Sectional session “Cardiovascular continuum: from ACS to CHF” as part of the anniversary conference on cardiology in Surgut
On September 28-29, the International Laboratory of Bioinformatics of the National Research University Higher School of Economics together with the Scientific and Educational Center of the Medical Institute of the Khanty-Mansiysk Autonomous Okrug - Ugra "Surgut State University" for the purpose of implementing the project "Mirror Laboratories" held a sectional session "Cardiovascular continuum: from ACS to CHF"
At Surgut State University, on September 28-29, the Interregional Scientific and Practical Conference of the Ural Federal District “Cardiology 2023: Practice, Science and Innovation” opened, dedicated to the 25th anniversary of the region’s cardiac surgery service. The organizers of the event are the Ugra Department of Health, the District Cardiology Clinic, the Department of Cardiology of the Medical Institute of Surgut State University.
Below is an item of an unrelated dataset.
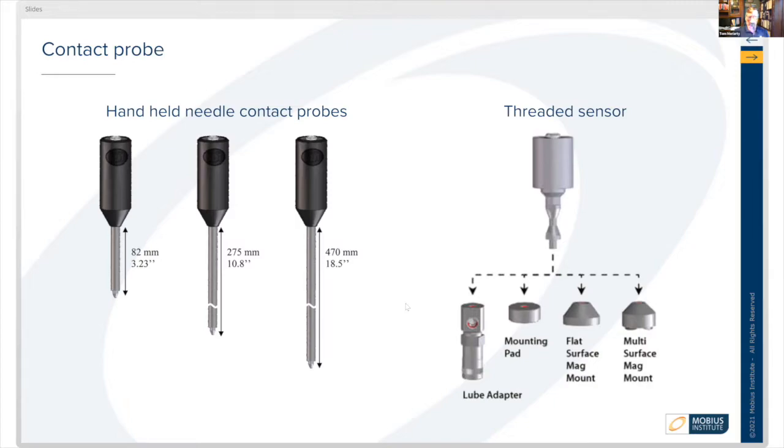Extended length can be great if you don't want to get too close because there's a lot of rotating equipment or something you can't safely get very close to. You can use a contact sensor to reach it, and it's also good for rapid readings.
The program of the Interregional Scientific and Practical Conference includes: 15 sectional sessions, a round table, master classes, an exhibition of medical equipment, two discussion platforms and a symposium. All events are in one way or another related to issues of emergency cardiology, treatment of patients with chronic heart failure, opportunities and prospects for cardiovascular surgery, and new challenges of endovascular surgery.
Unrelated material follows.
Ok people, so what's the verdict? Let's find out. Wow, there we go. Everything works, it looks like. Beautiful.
The International Laboratory of Bioinformatics of the National Research University Higher School of Economics together with the Scientific and Educational Center of the Medical Institute of the Budgetary Institution of Higher Education of the Khanty-Mansiysk Autonomous Okrug - Ugra "Surgut State University" for the purpose of implementing the project "Mirror Laboratories" "Machine Learning Technologies in Predicting the Outcomes of Acute Coronary Syndrome" held a sectional session "Cardiovascular continuum: from ACS to CHF" as part of the anniversary conference.
The breakout session was dedicated to the joint scientific and practical research “Machine learning technologies in predicting the outcomes of acute coronary syndrome”, the main result of which is the creation of a prognostic system based on artificial intelligence algorithms for assessing the risks of an adverse event for the personalized management of patients with myocardial infarction after discharge from the hospital.